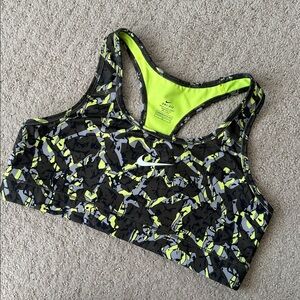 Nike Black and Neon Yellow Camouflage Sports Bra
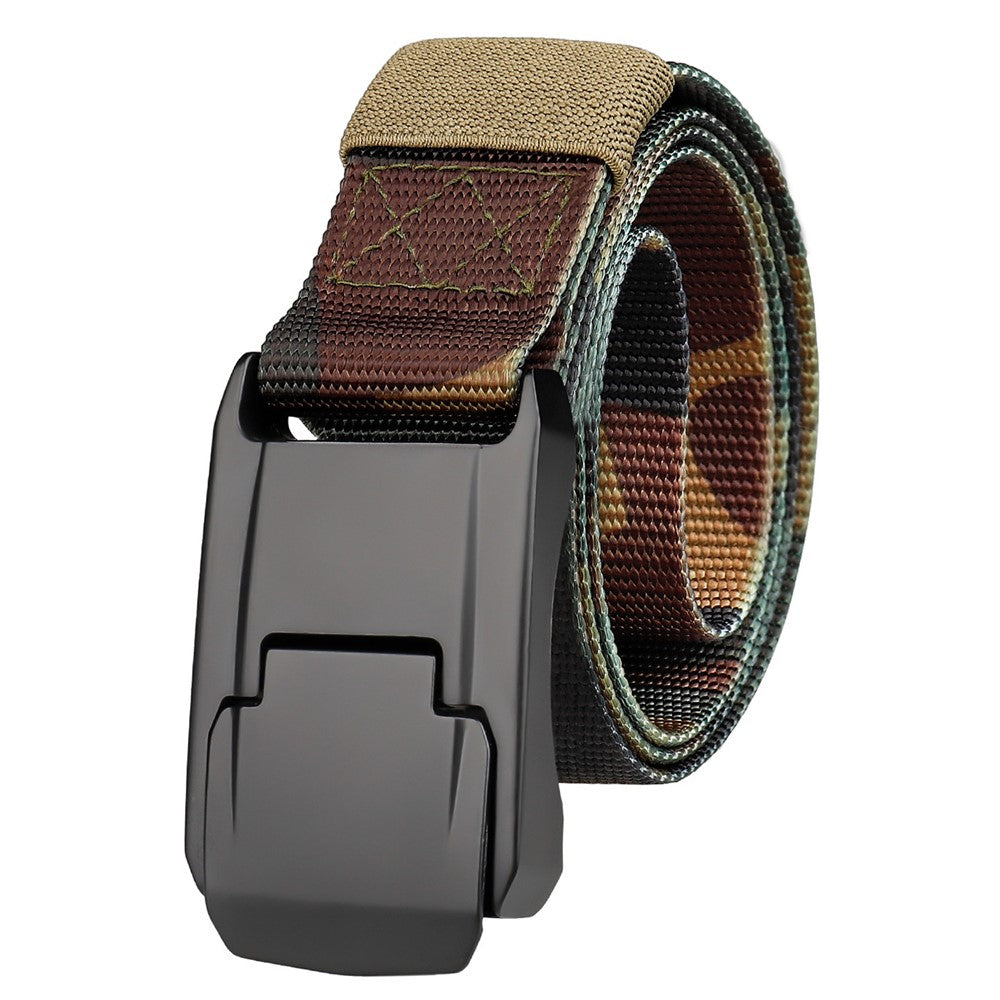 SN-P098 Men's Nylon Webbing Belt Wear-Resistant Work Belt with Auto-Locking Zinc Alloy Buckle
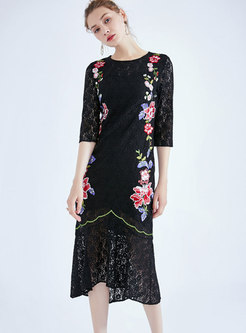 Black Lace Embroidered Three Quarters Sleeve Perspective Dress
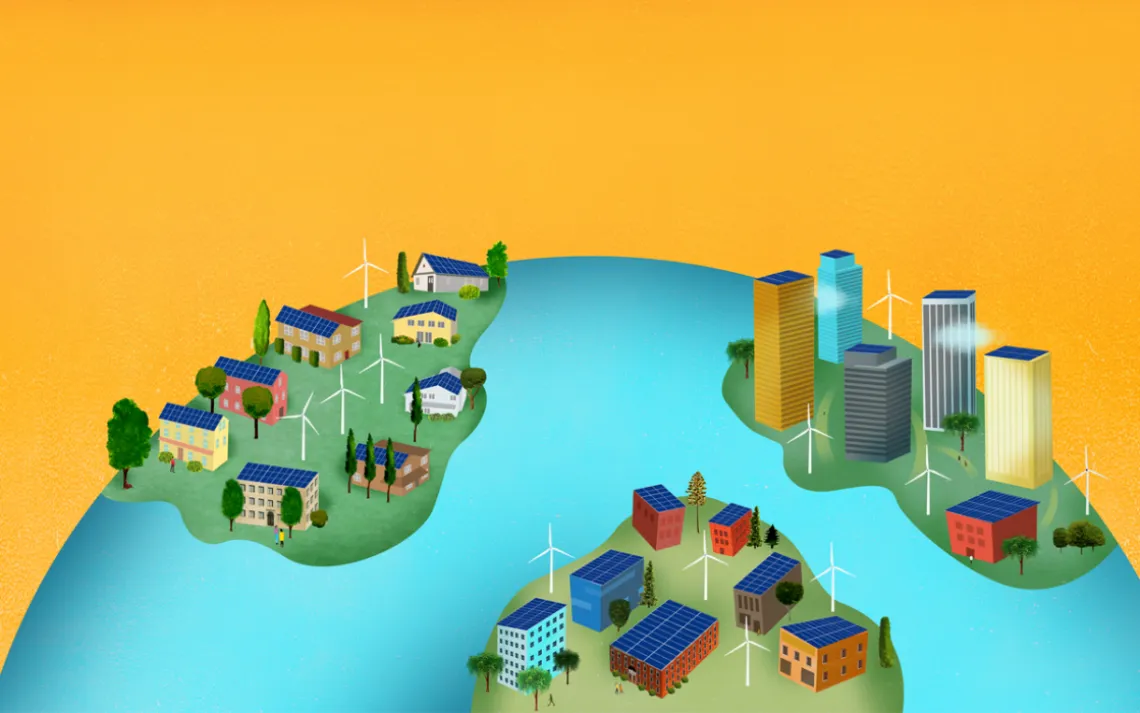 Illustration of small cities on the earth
= = = = =
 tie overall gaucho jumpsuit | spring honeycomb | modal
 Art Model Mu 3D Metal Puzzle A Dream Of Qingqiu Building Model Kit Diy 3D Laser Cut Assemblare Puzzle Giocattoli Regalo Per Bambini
= = = = =
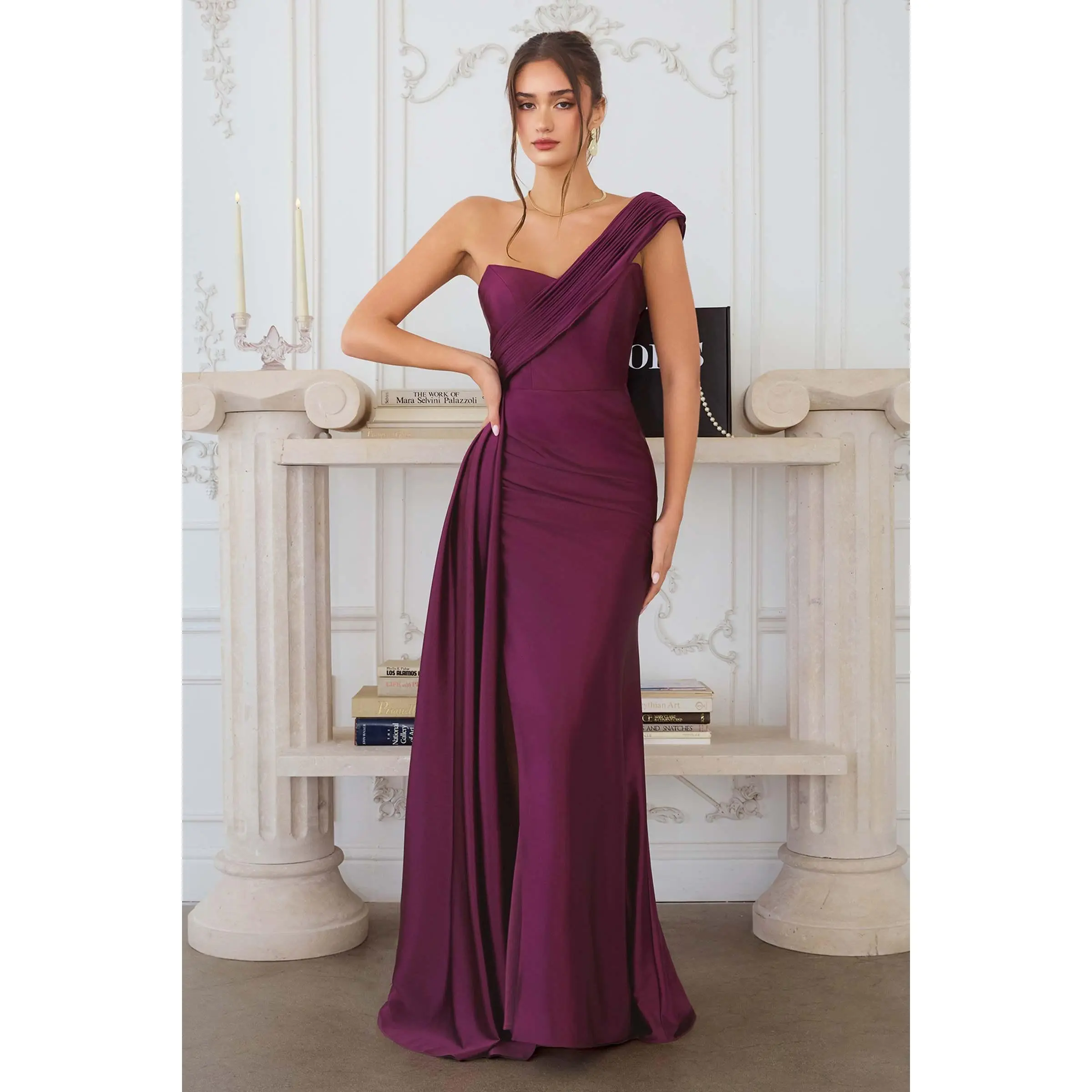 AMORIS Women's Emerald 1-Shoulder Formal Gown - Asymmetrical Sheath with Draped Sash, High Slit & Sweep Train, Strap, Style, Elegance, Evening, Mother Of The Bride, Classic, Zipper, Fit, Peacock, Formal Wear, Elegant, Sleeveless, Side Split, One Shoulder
= = = = =
• Task: Of the records above, print only the lines from the one containing "Nike Black and" through the one containing "Illustration of small cities on the earth", inclusive and unaltered, leaving out pictures.

• Written response:
 Nike Black and Neon Yellow Camouflage Sports Bra
 SN-P098 Men's Nylon Webbing Belt Wear-Resistant Work Belt with Auto-Locking Zinc Alloy Buckle
 Black Lace Embroidered Three Quarters Sleeve Perspective Dress
 Illustration of small cities on the earth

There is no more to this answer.